Agnieszka Włodarczyk i jej partner Robert Karaś postanowili porzucić dotychczasowe życie i przenieśli się na wyspę Gili w północno-zachodnim wybrzeżu Lombok w Indonezji. Zakochani śmiało przyznali, że kupili bilet tylko w jedną stronę i nie mają zamiaru wrócić do kraju, dopóki sytuacja w branży artystycznej się nie zmieni. I tak możemy podglądać zdjęcia z iście sielankowego miejsca, które publikuje aktorka w mediach społecznościowych. Ostatnio pochwaliła odważną fotką z basenu, a internauci zasypali ją lawiną komplementów.
Aktorka nie ukrywa się na indonezyjskiej wyspie bawi się znakomicie. Chętnie udostępnia zdjęcia, na których wygląda na wypoczętą i szczęśliwą. Ostatnio pochwaliła się fotką w bikini. Gwiazda odpoczywa na nim w basenie, trzymając w ręku drinka.

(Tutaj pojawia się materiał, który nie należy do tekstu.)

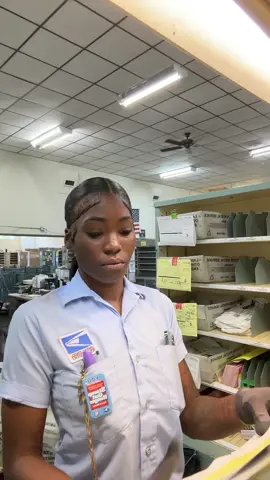 Postal workers stay arguing like it’s a reality show… and of course I left my headphones at home today 😭📬🎭 Just tryna case my mail, not drama. #PostalLife #WorkDrama #NoHeadphonesNoPeace #USPSChronicles #fy #CarrierConfessions #TikTokPostal #WorkplaceWoes #DeliveryDrama #EarplugEmergency#fyp#follow#postal#contentcreator #creator 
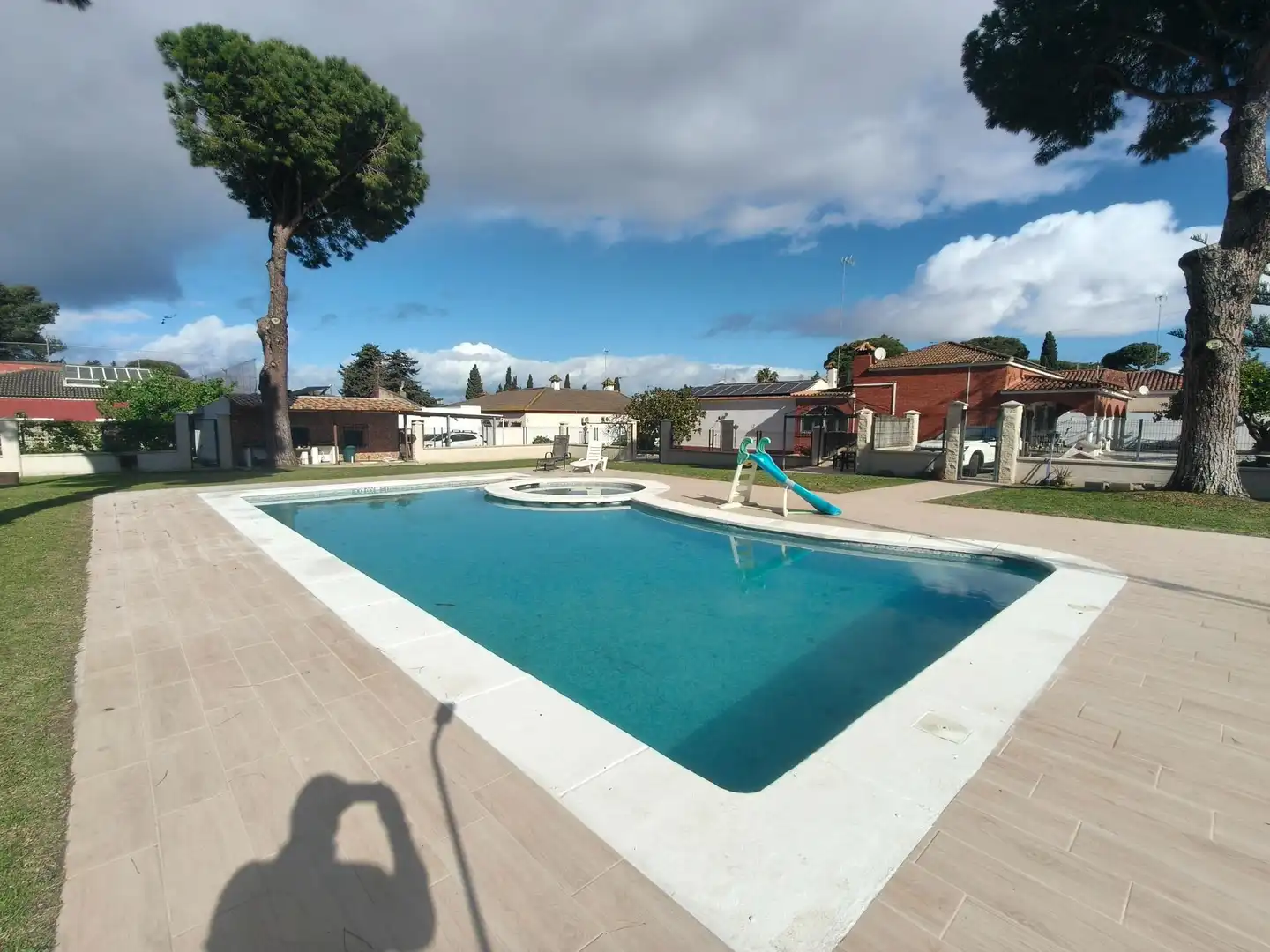 Swimming pool of Houses for sale in Chiclana de la Frontera  with Air Conditioner, Swimming Pool and Alarm
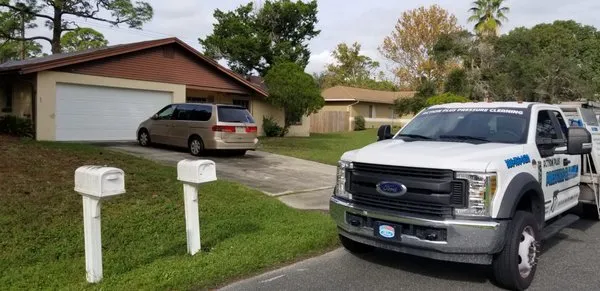 Action Plus Pressure Cleaning Logo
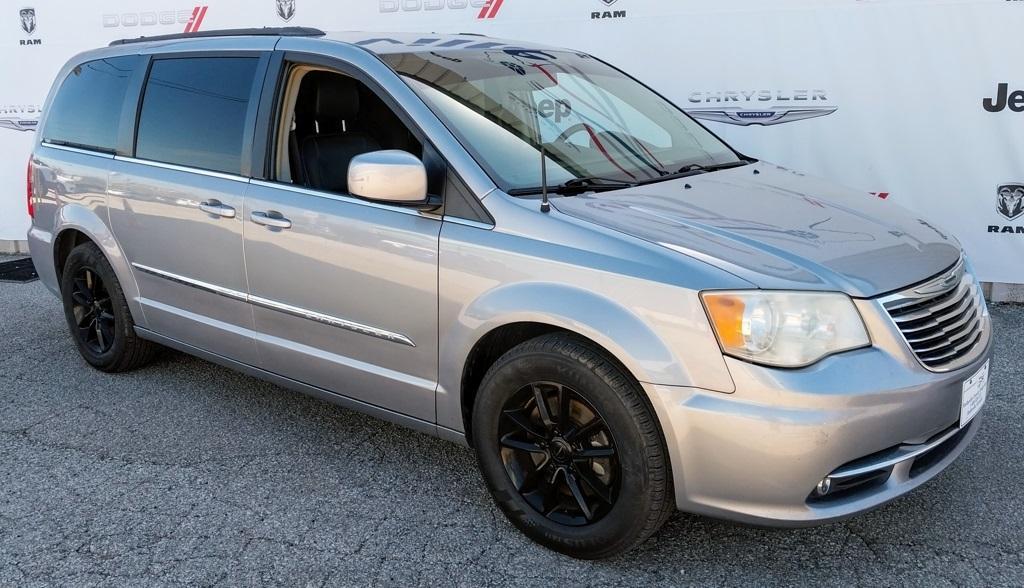 used 2014 Chrysler Town & Country car, priced at $5,995
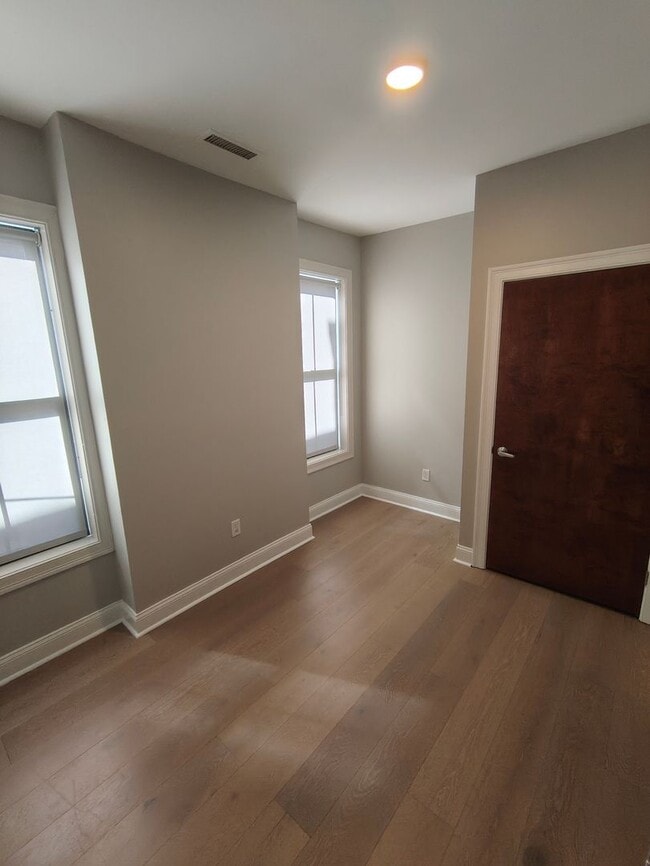 24 Imlay St Unit 2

O komentarz pokusiła się nawet Agnieszka Woźniak-Starak.
Mrrrrr!
Agnieszka wybrała się do Indonezji za namową swoich znajomych, którzy mieszkają na egzotycznej wyspie. Włodarczyk zdradziła, że miejsce to jest niemal puste i nikt nie nosi maseczek.
Oprócz błękitnego nieba... Iść ciągle iść w stronę słońca... Czas nas uczy pogody... Tyle słońca w całym mieście... Kobiety lubią brąz...
Internauci są zachwyceni i chętnie komplementują decyzję aktorki.
Ja uwielbiam te relacje z państwa pobytu. Naturalne, bez nadęcia, bez reklam olejków, kremów i szamponów! Super!
Cieszę się, że chociaż mogę na chwilę oderwać się od tego wszystkiego i przenieść się tam... Właśnie tam. Łap słoneczko i pozytywna energię.
Zazdrościmy! - pisali.
Jak myślicie, kiedy Agnieszka wróci do Polski?